Similarly why shouldn’t Lloyd leave Posh, where his most likely role this season would have been as an impact sub, to earn pots of money at a level where relative stardom awaits?
Okay it would be great if Lloyd, or any professional footballer for that matter, admitted he was moving for the money rather than for ‘footballing reasons’ as nine times out of 10 the size of the contract is the main concern of players and rapacious agents. And who can blame them? It’s a short career.
Salford, who also signed Adam Rooney, the second top scorer in the Scottish Premier League with Aberdeen last season, as well as a couple of solid League One players, earlier this month, have been accused of financial doping by some, usually bitter and jealous rivals terrified that a club owned by multi-millionaire ex-Manchester United players are going to run away with the National League title at the first attempt.
It would be lovely if all clubs were full of locally produced players, but football is now basically a survival of the fittest and I fail to see how Salford splashing cash they clearly have is ‘ruining non-league football’ as some have claimed.
Non-league’s groundhop tour heads in our direction this weekend and it’s a wonderful idea which raises the profile of grassroots football, but fans shouldn’t be fooled into believing it’s a romantic idyll even in the lower reaches of non-league football.
Sure there are unpaid volunteers who do great work, but players come and go, often seduced by an extra tenner.
Money talks even at United Counties League level.

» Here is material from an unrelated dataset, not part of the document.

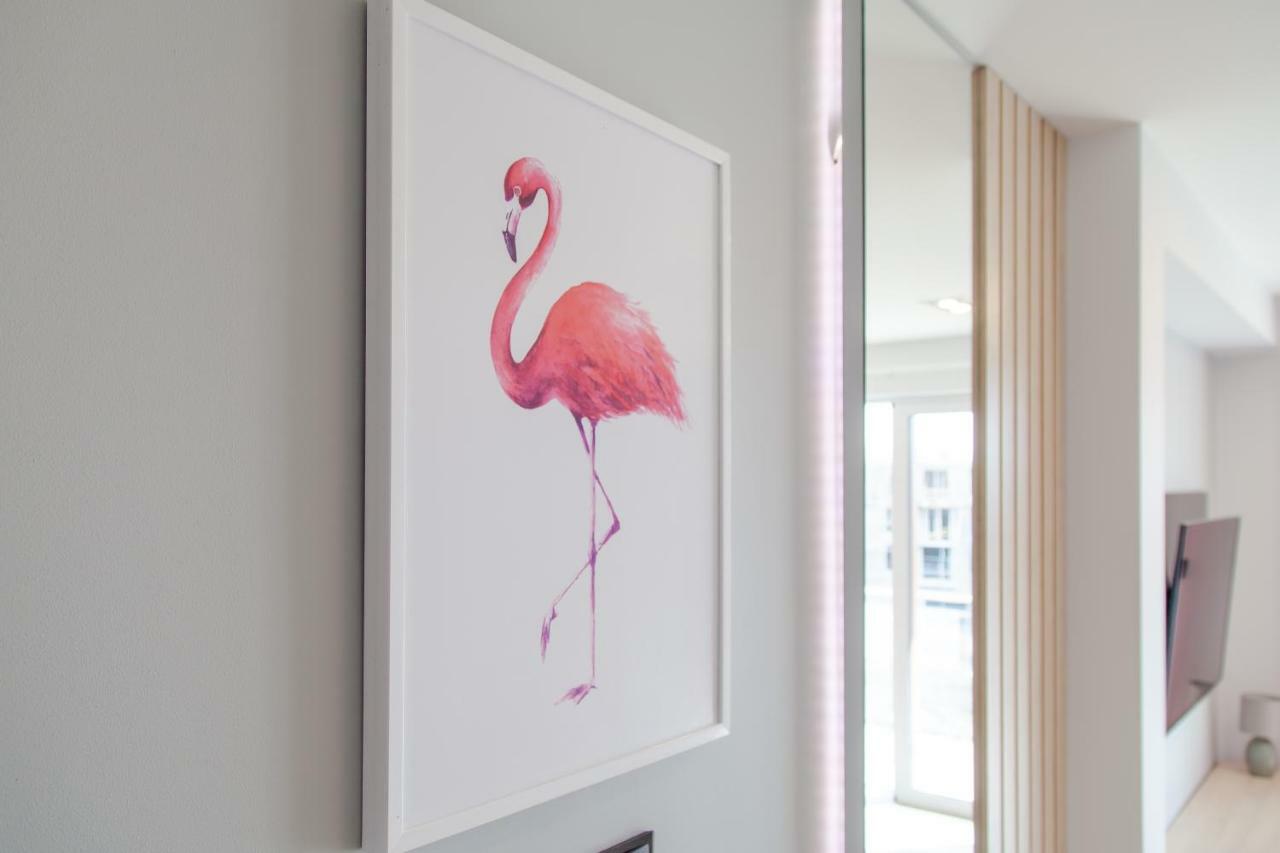 Apartment Pink Flamingo By Noclegi Renters ミエンジズドロイェ エクステリア 写真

Budgets are as important as top managers and good coaches. Rumour has it payments in the Peterborough League, although illegal, have recently taken place.
What Salford are doing is just an extension of that. Why have four members of Manchester United’s class of 92 in charge if you’re not going to take advantage of their contacts and wealth? As long as they don’t let peerless pundit Gary Neville manage the team they should be successful.
Anyway Salford’s presence will greatly increase the profile of the National League and that helps every club in it.
It’s not as though what Salford are doing is unique anyway. Fleetwood’s fanbase is tiny, but they breezed into the Football League with the backing of a rich man and now reside in League One.
Crawley, under the management of Steve Evans, were not without financial muscle and it’s the same with Forest Green.
The rest of the National League should treat Salford as a challenge, admittedly a mighty one, but Macclesfield won it last season and no-one has suggested money was the reason in their case.
Salford might run into a problem when they win promotion to the Football League. They then become bound by financial fairplay rules. Until then I’d Neville & co alone to run their club as they see fit.